Una bimba di circa 10 anni ci porta il tè, poi torna ad accovaccarsi per terra, sta pestando le spezie che aromatizzeranno il caffè che sua mamma sta arrostendo sul fuoco di carbonella, l’odore pungente del caffè penetra prepotentemente nelle narici, punge quasi, svegliando i pigri neuroni della domenica mattina. La signora del caffè veste di viola, un vestito lucido e dale tinte forti, un viola acceso con ricami neri, il volto altrettanto nero, come il caffè che sta tostando, il sorriso largo e aperto, come i cieli d’Africa, una fascia viola in testa fatta della stessa stoffa del vestito. Blu, come il telo di plastica che copre mezza della parete che ho di fronte, marroncino come i pezzi di cartone che sporgono dal soffitto di canne, giallo come i vestiti di due ragazze che si alzano e se ne vanno.

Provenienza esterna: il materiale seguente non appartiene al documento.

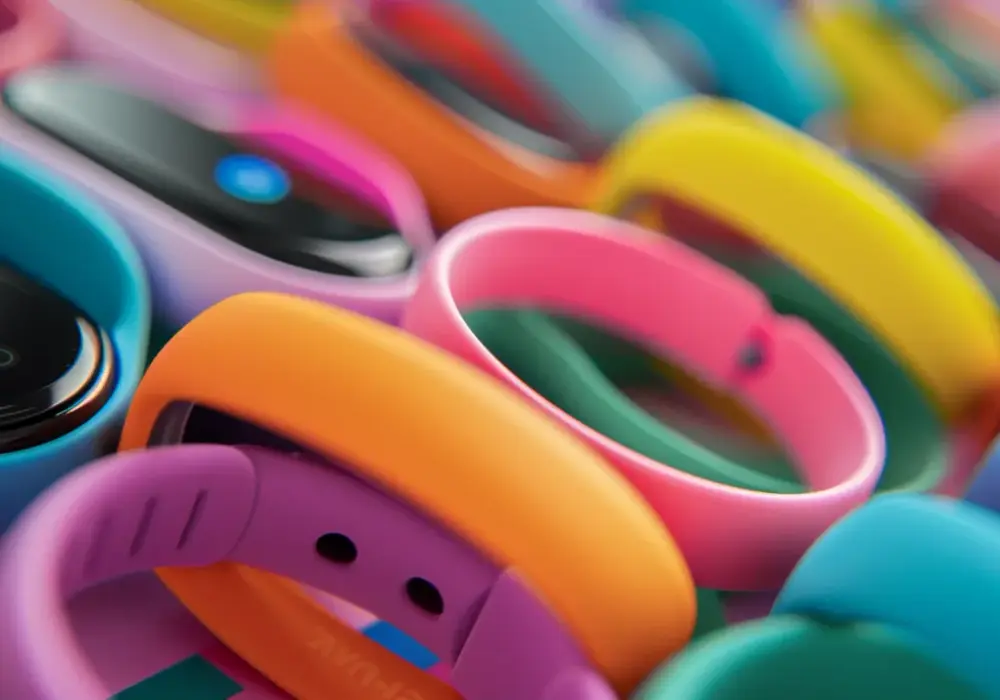 Recenzja: Pasek do Xiaomi Mi Band 4 - Czy warto go kupić?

L’ essenzialità del posto è rilassante, vera, umana, calda e accogliente. La capannina del caffè è in realtà un mini-supermercato, all’entrata il cibo, le frittelle, a sinistra il “negozietto”, una vetrina di 4 ripiani fornita di zucchero (ovviamente), sigarette keniane, benzina, olio motore, forbici di plastica colorate dalla Cina, biscotti, ovviamente i Glucose, prodotti a Dubai con ingredienti di dubbia provenienza ma presenti ovunque in Africa, almeno tanto quanto Pepsi e Coca-Cola, le imprese avvelenatrici di falde acquifere e diritti umani e sindacali che arrivano ovunque. Annuso lo zenzero che la bambina sta ora pestando e ordino un caffè, sono curioso di assagiarlo, senza zucchero, specifico questa volta, arriva ed è buonissimo, chiedo anche un altro bicchiere, vuoto, per raffreddarlo, come al solito non riesco a bere le bevande troppo calde, chissa poi perché, Michael ride…

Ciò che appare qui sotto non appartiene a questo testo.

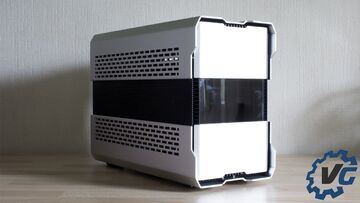 Phanteks Evolv Shift Review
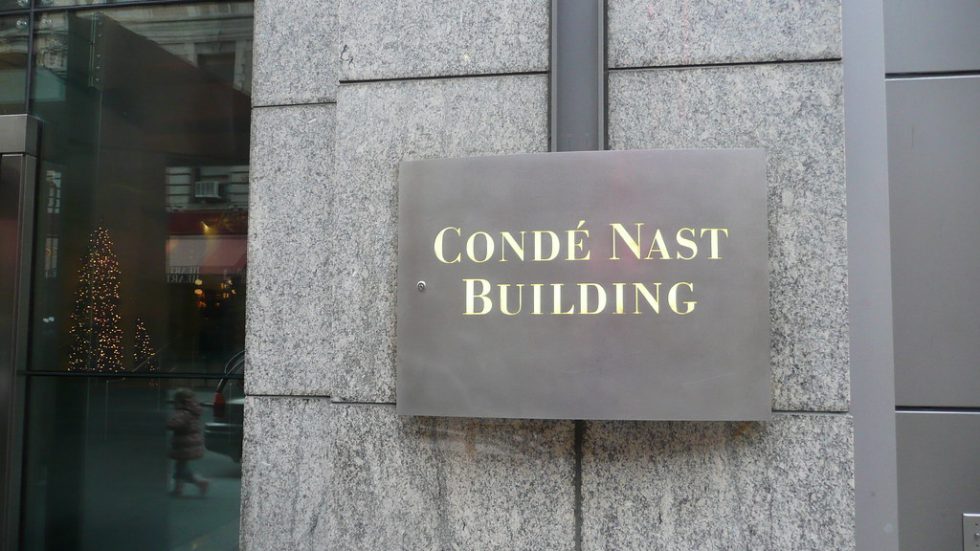 Anche Condé Nast entra nella rete di OpenAI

Siedo e mi guardo intorno, fronti rugose, volti giovani segnati dalla fatica, dalla cattiva e carente alimentazione, e poi chi lo sa, dallo stress generato dalla lunga lotta per l’indipendenza di questo paese che sta avviandosi a compire i suoi primi passi ma che ancora fa fatica a reggersi in piedi, sotto il vento di poteri più forti e piu grandi. Mi sento in pace ed accolto, come in quel chiosco di Bhopal dove ho mangiato dei gustosissimi falafel nel quartiere musulmano, come in quel ristorante di strada dove ho mangiato dei saporitissimi spiedini con padre Natale e Dario, come da babu a mangiare uroyo, kachori e sorseggiando infuso di zenzero, un respiro di umanità che riempie gli occhi di calore, accoglienza e felicità. E ora sono qui, sotto un’acacia a scrivere su carta i miei pensieri sparsi come non mi succedeva da tempo, ma l’assenza di elettricità, di benzina per il generatore e le poche batterie del mio computer mi hanno spinto a riapprezzare il piacere di disegnare parole blu su sfondo bianco, il negativo del cielo sopra di me, questa immensa cupola azzurra con disegni bianchi che sono immagini e parole, che sono passeggere ma sempre presenti, che sono sogni e speranze.